• Material provided:
┄┄┄┄┄┄

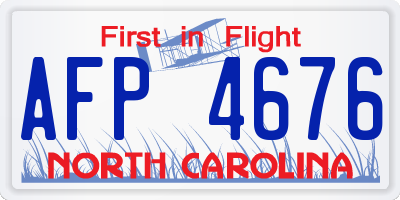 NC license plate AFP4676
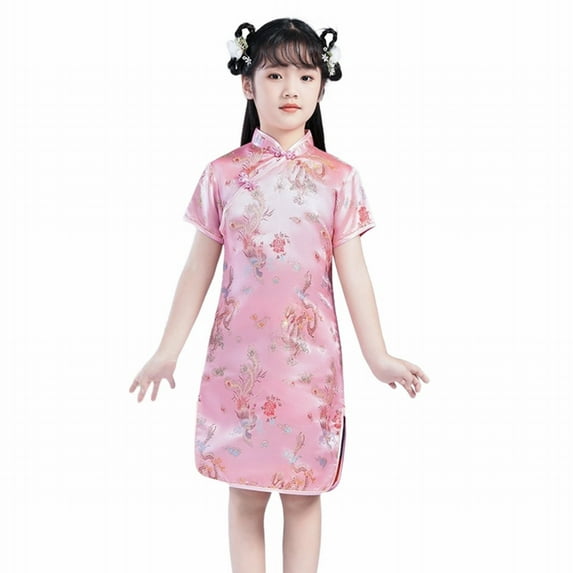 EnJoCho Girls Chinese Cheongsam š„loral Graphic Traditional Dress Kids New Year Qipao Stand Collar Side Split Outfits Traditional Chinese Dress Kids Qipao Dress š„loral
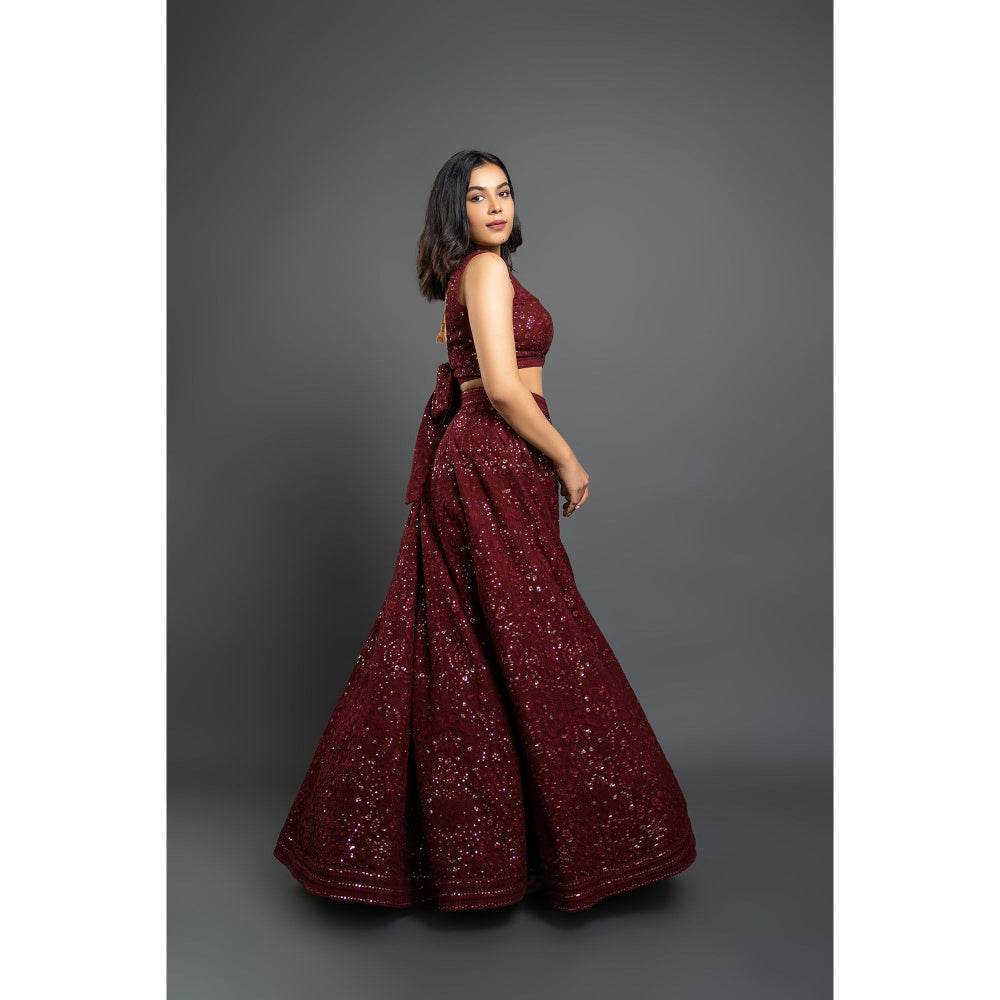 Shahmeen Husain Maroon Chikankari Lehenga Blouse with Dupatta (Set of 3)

┄┄┄┄┄┄

• Problem to solve:
Return every line above verbatim, pictures excluded.

• The answer:
 NC license plate AFP4676
 EnJoCho Girls Chinese Cheongsam š„loral Graphic Traditional Dress Kids New Year Qipao Stand Collar Side Split Outfits Traditional Chinese Dress Kids Qipao Dress š„loral
 Shahmeen Husain Maroon Chikankari Lehenga Blouse with Dupatta (Set of 3)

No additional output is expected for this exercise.